§ **Directions**: Output each record below exactly, leaving any picture out of the copy.
────
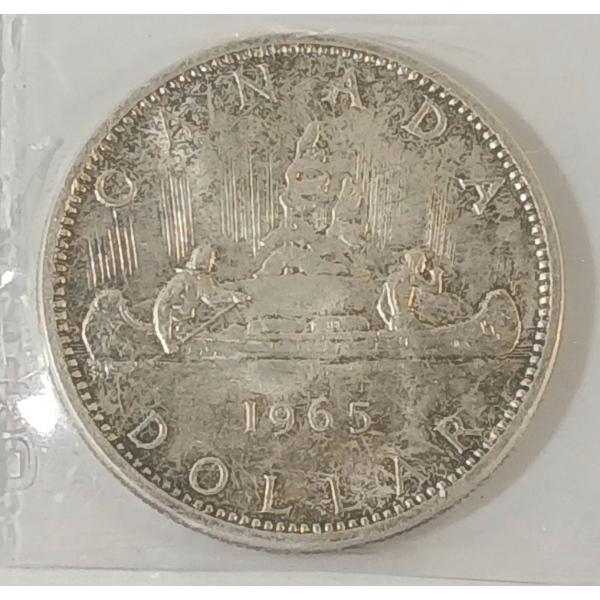 1965 CDN SILVER DOLLAR - CCCS GRADED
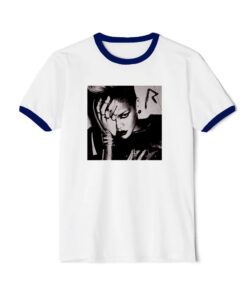 Rihanna Rated R Ringer Navy Tee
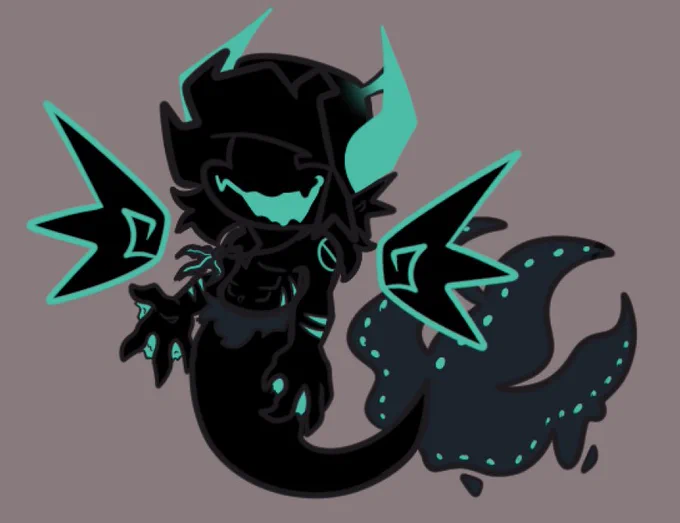 Insane BF / Troy design (you might know this guy from Funkin' Corruption Insanity)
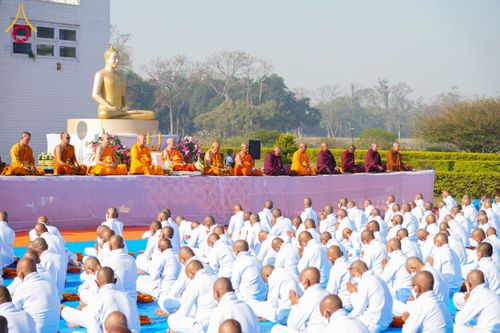 ภาพ No.130479:พิธีบรรพชาธรรมทายาท ในโครงการบรรพชา 1,250 รูป ณ แดนประสูติ สวนลุมพินี ประเทศเนปาล วันที่ 9 มีนาคม พ.ศ. 2567
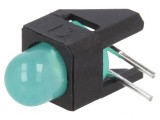 LED Verde 5mm Difuz 2mA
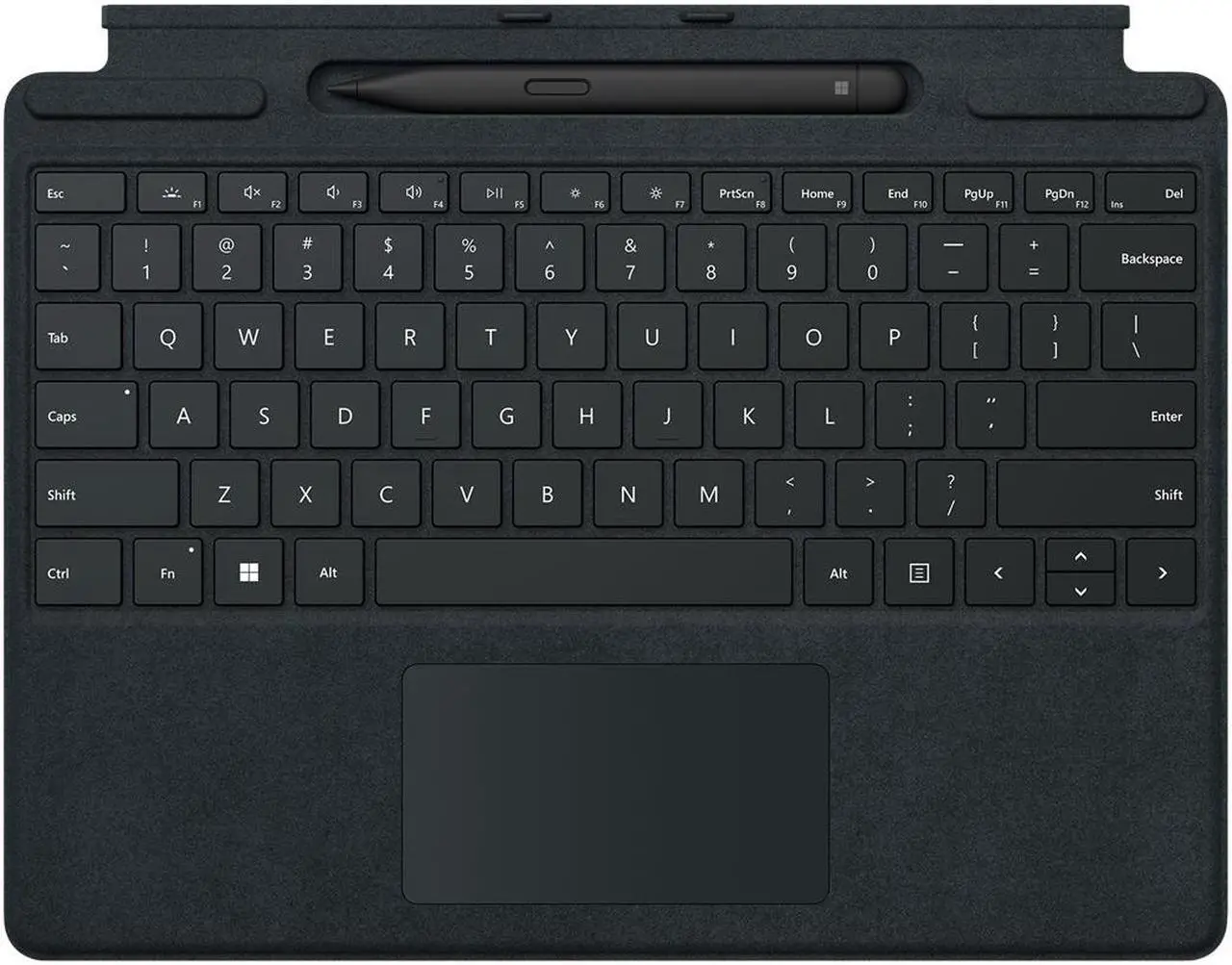 Main image of Microsoft Surface Pro Signature Keyboard - keyboard - with touchpad, accelerometer, Surface Slim Pen 2 storage and charging tray - QWERTY - English - black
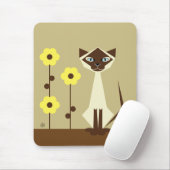 猫と花 マウスパッド (マウス)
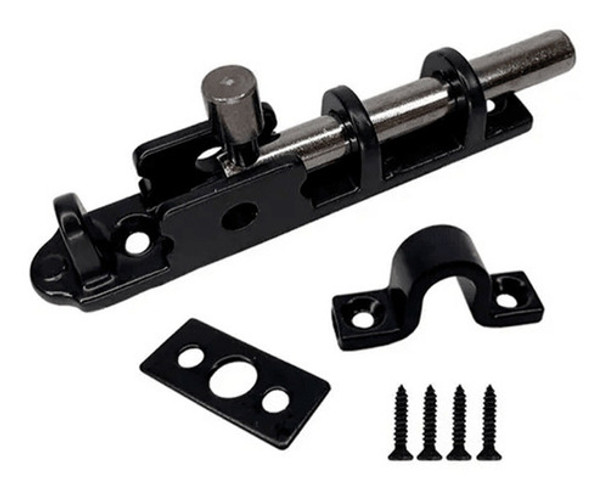 Trinco Ferrolho Fecho Porta E Janela Preto Reforçado 9cm 0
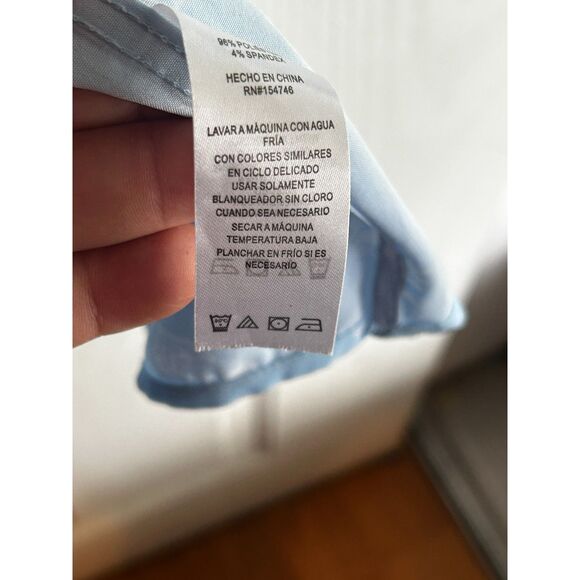 Mountain and Isles Men's Light Blue Short Sleeve Collared Shirt ~ Men's Size XXL - Picture 5 of 8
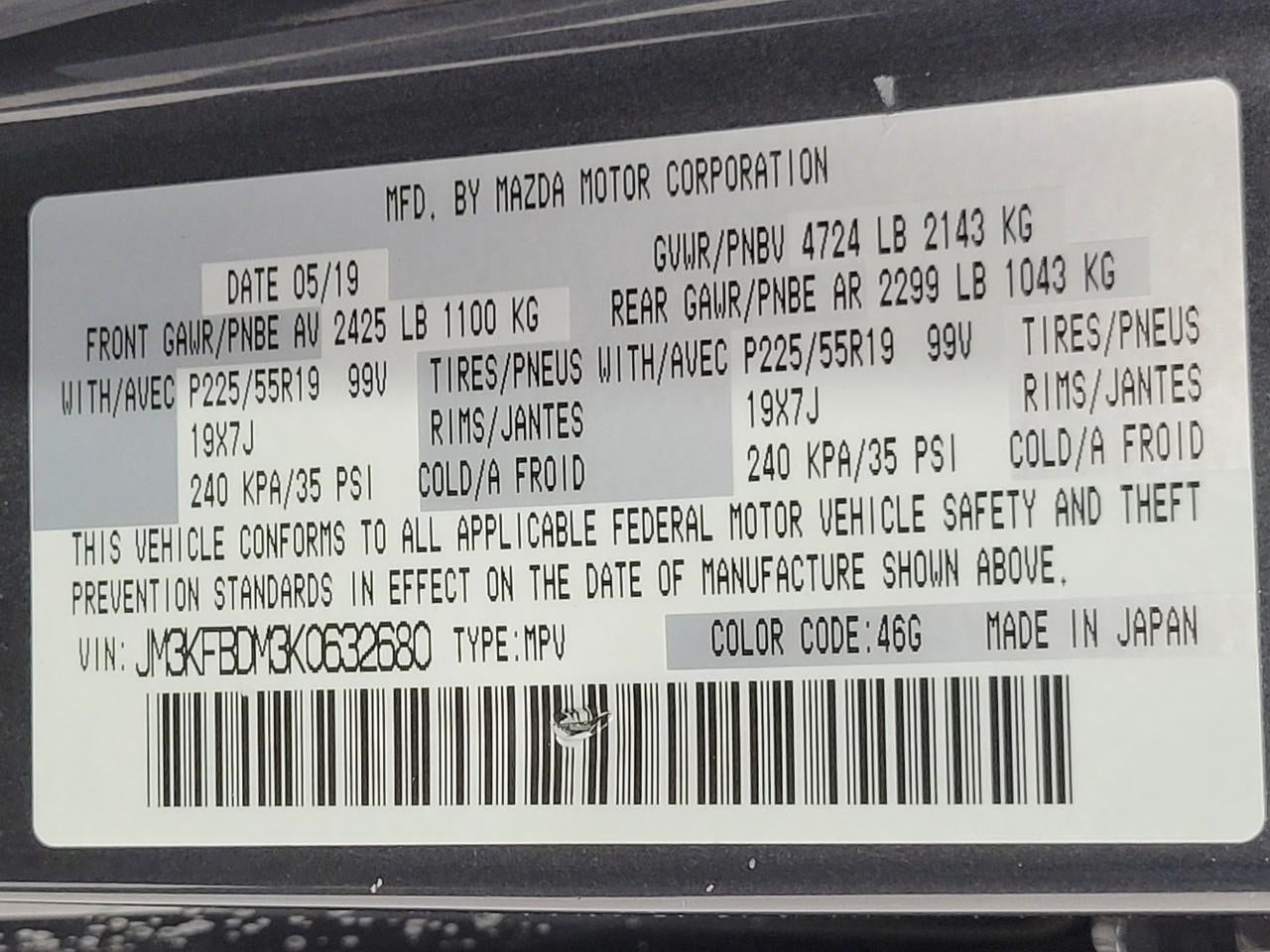 2019 Mazda Mazda CX-5 Grand Touring AWD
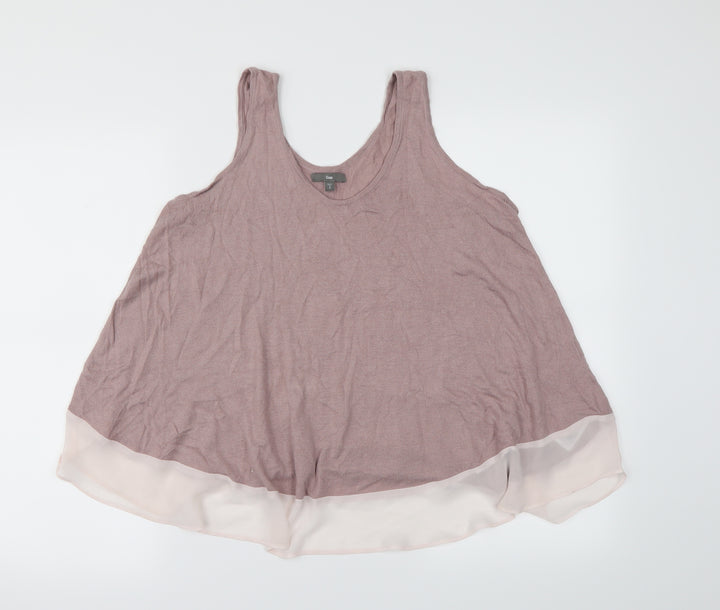 Gap Womens Pink Basic Tank Size S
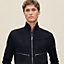 "Devant cuir" zipped jacket, View: Worn, worn, view 4 of 6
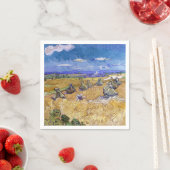 Vincent van Gogh - Weizenstapel mit Sensenmännern Serviette (Beispiel)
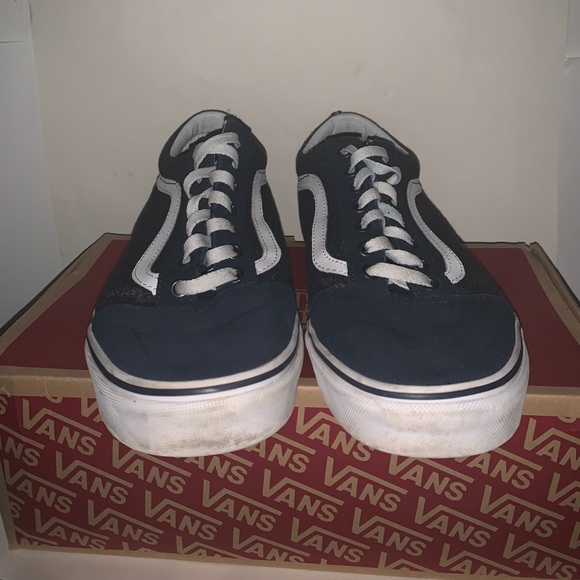 Vans Other - Vans Old Skool Low Navy Blue/White Size 11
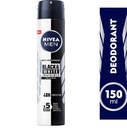 NIVEA INVISIBLE BLACK WHITE FOR MEN  SPRAY 150ML 8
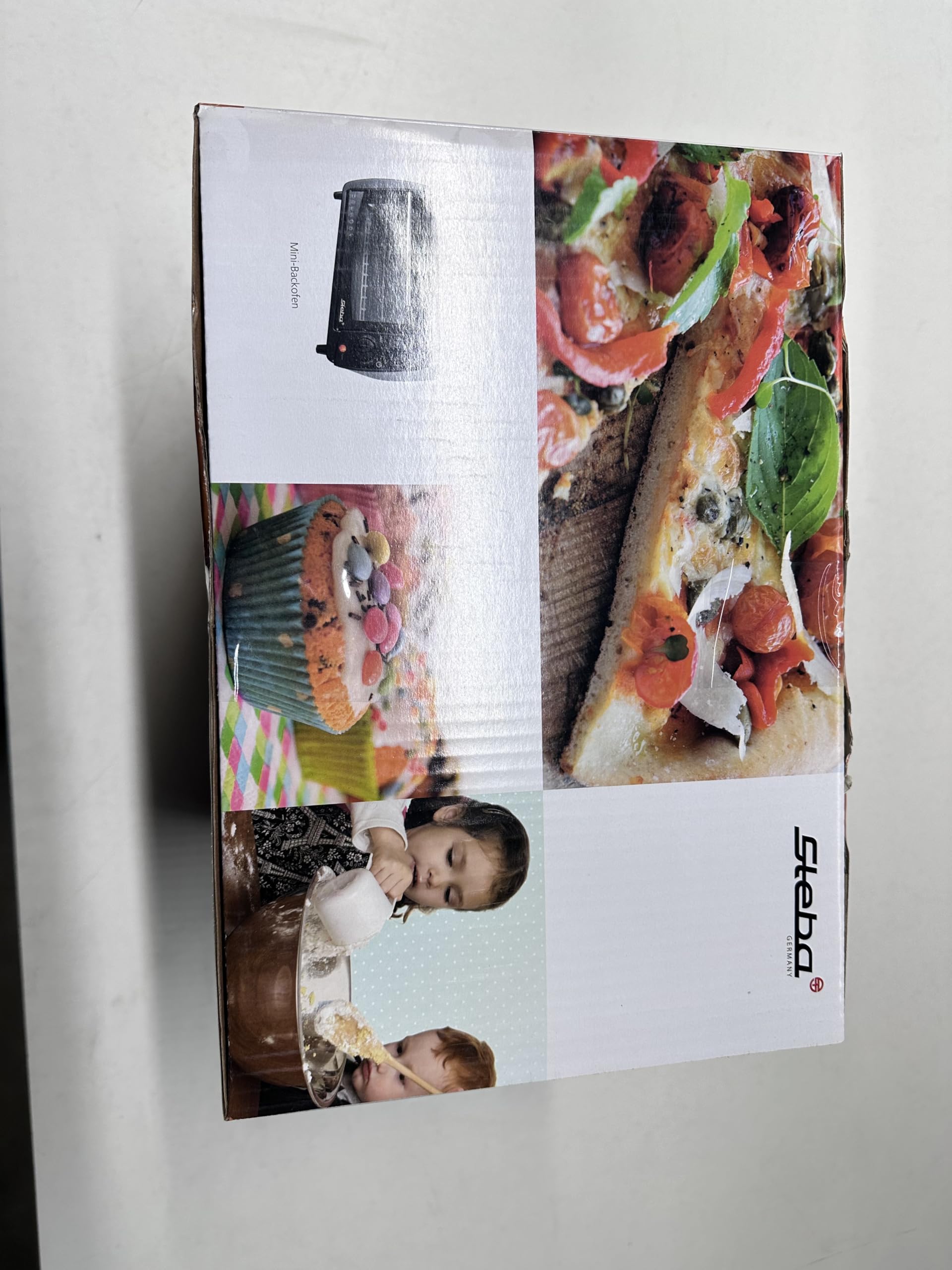 Steba Mini-Backofen KB 9.2, 9 Liter | Temperaturregler bis 230°C, Pizzatiefe bis Ø 24,0 cm, 800 Watt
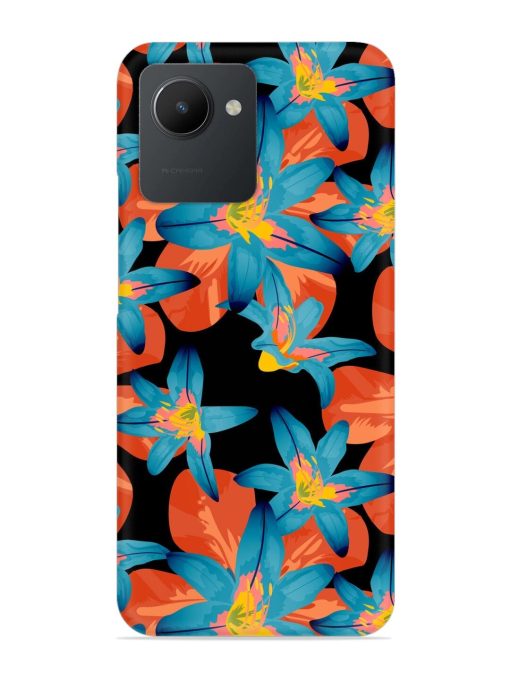 Philippine Flowers Seamless Snap Case for Realme C30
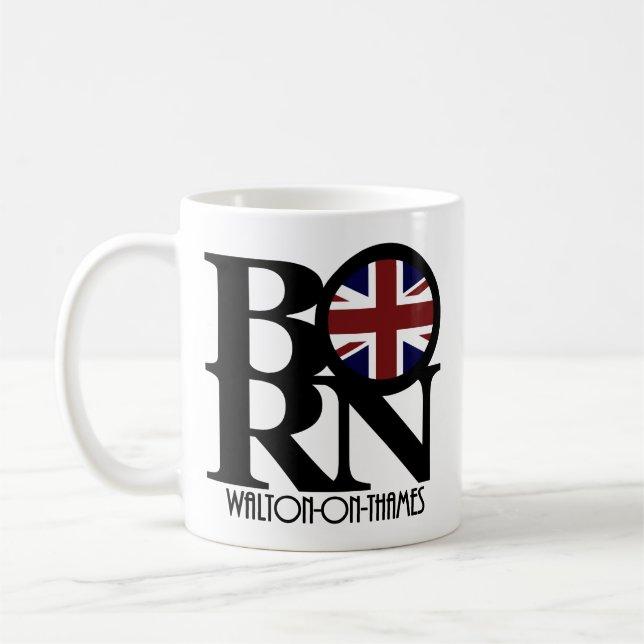 Taza De Café BORN Walton-On-Thames 11oz (Izquierda)
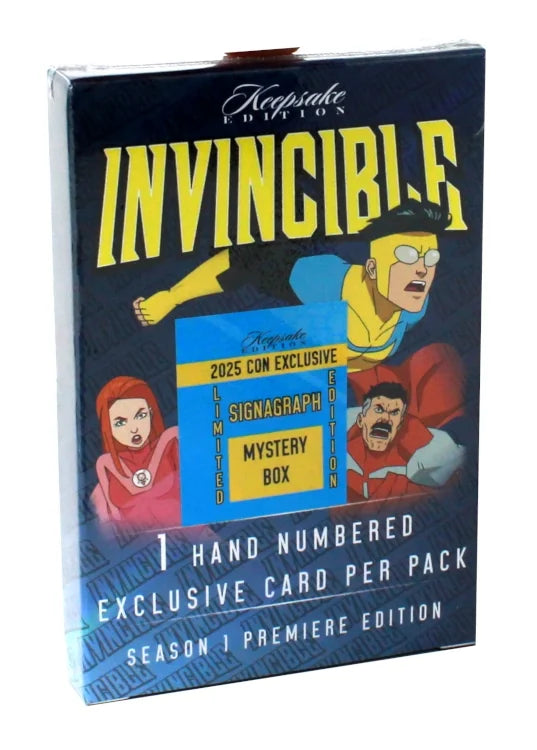2025 Keepsake Invincible Season 1 Premiere Comic Con Exclusive Laser Signagraph Mystery 10 Box Lot - B2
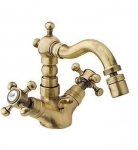  Reitano Atea Bateria bidetowa wysoka z korkiem automatycznym bronzo R338/BR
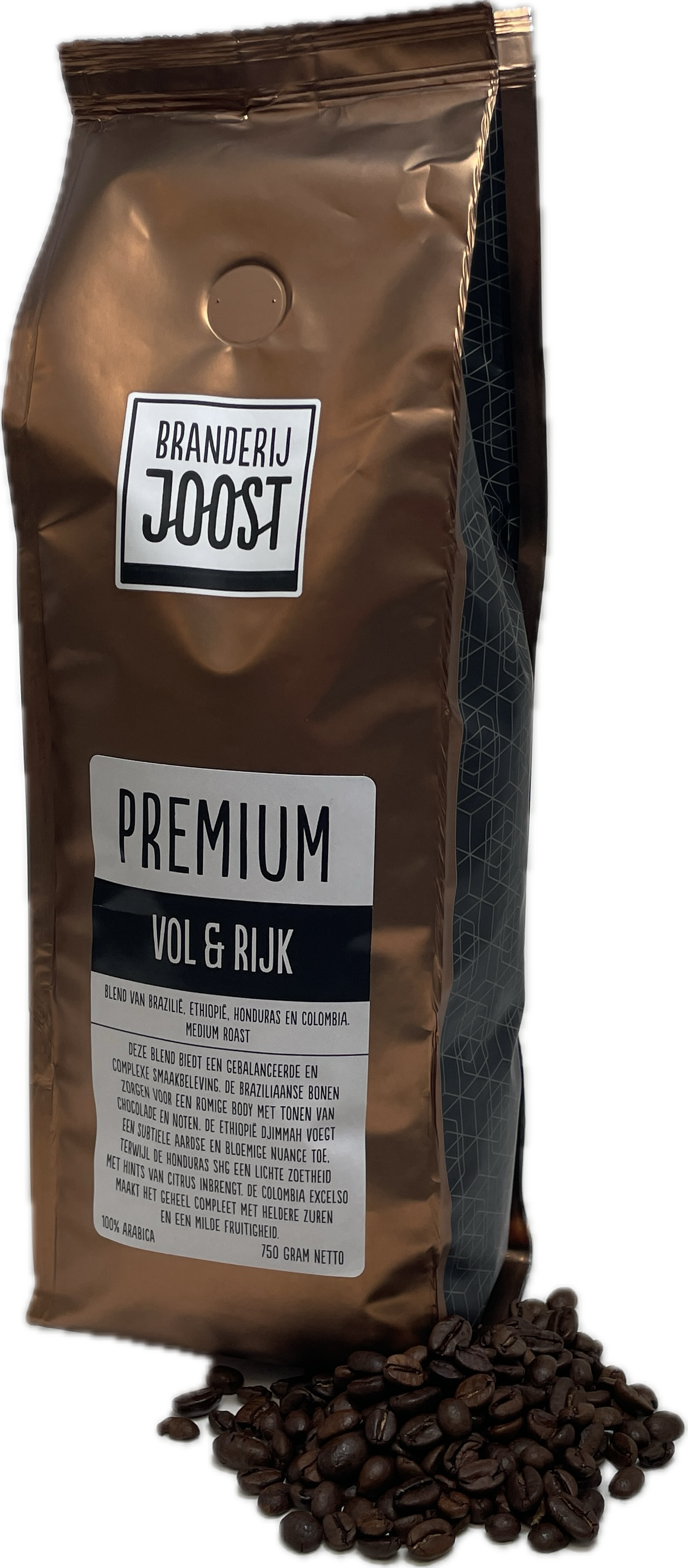 Premium Vol & Rijk koffiebonen 750g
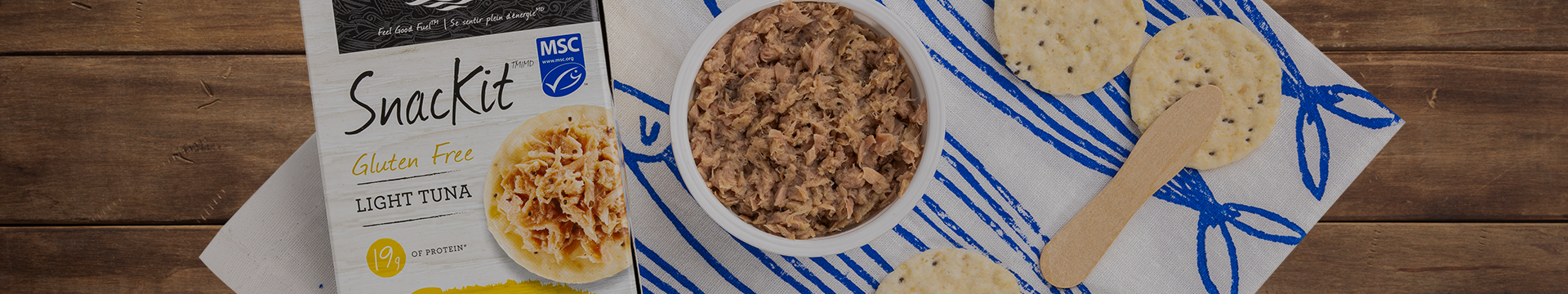 SnacKits™ - Lemon & Pepper Light Tuna SnacKit™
────
§ **Solution**:
 1965 CDN SILVER DOLLAR - CCCS GRADED
 Rihanna Rated R Ringer Navy Tee
 Insane BF / Troy design (you might know this guy from Funkin' Corruption Insanity)
 ภาพ No.130479:พิธีบรรพชาธรรมทายาท ในโครงการบรรพชา 1,250 รูป ณ แดนประสูติ สวนลุมพินี ประเทศเนปาล วันที่ 9 มีนาคม พ.ศ. 2567
 LED Verde 5mm Difuz 2mA
 Main image of Microsoft Surface Pro Signature Keyboard - keyboard - with touchpad, accelerometer, Surface Slim Pen 2 storage and charging tray - QWERTY - English - black
 猫と花 マウスパッド (マウス)
 Trinco Ferrolho Fecho Porta E Janela Preto Reforçado 9cm 0
 Mountain and Isles Men's Light Blue Short Sleeve Collared Shirt ~ Men's Size XXL - Picture 5 of 8
 2019 Mazda Mazda CX-5 Grand Touring AWD
 Gap Womens Pink Basic Tank Size S
 "Devant cuir" zipped jacket, View: Worn, worn, view 4 of 6
 Vincent van Gogh - Weizenstapel mit Sensenmännern Serviette (Beispiel)
 Vans Other - Vans Old Skool Low Navy Blue/White Size 11
 NIVEA INVISIBLE BLACK WHITE FOR MEN  SPRAY 150ML 8
 Steba Mini-Backofen KB 9.2, 9 Liter | Temperaturregler bis 230°C, Pizzatiefe bis Ø 24,0 cm, 800 Watt
 Philippine Flowers Seamless Snap Case for Realme C30
 Taza De Café BORN Walton-On-Thames 11oz (Izquierda)
2025 Keepsake Invincible Season 1 Premiere Comic Con Exclusive Laser Signagraph Mystery 10 Box Lot - B2
  Reitano Atea Bateria bidetowa wysoka z korkiem automatycznym bronzo R338/BR
 Premium Vol & Rijk koffiebonen 750g
 SnacKits™ - Lemon & Pepper Light Tuna SnacKit™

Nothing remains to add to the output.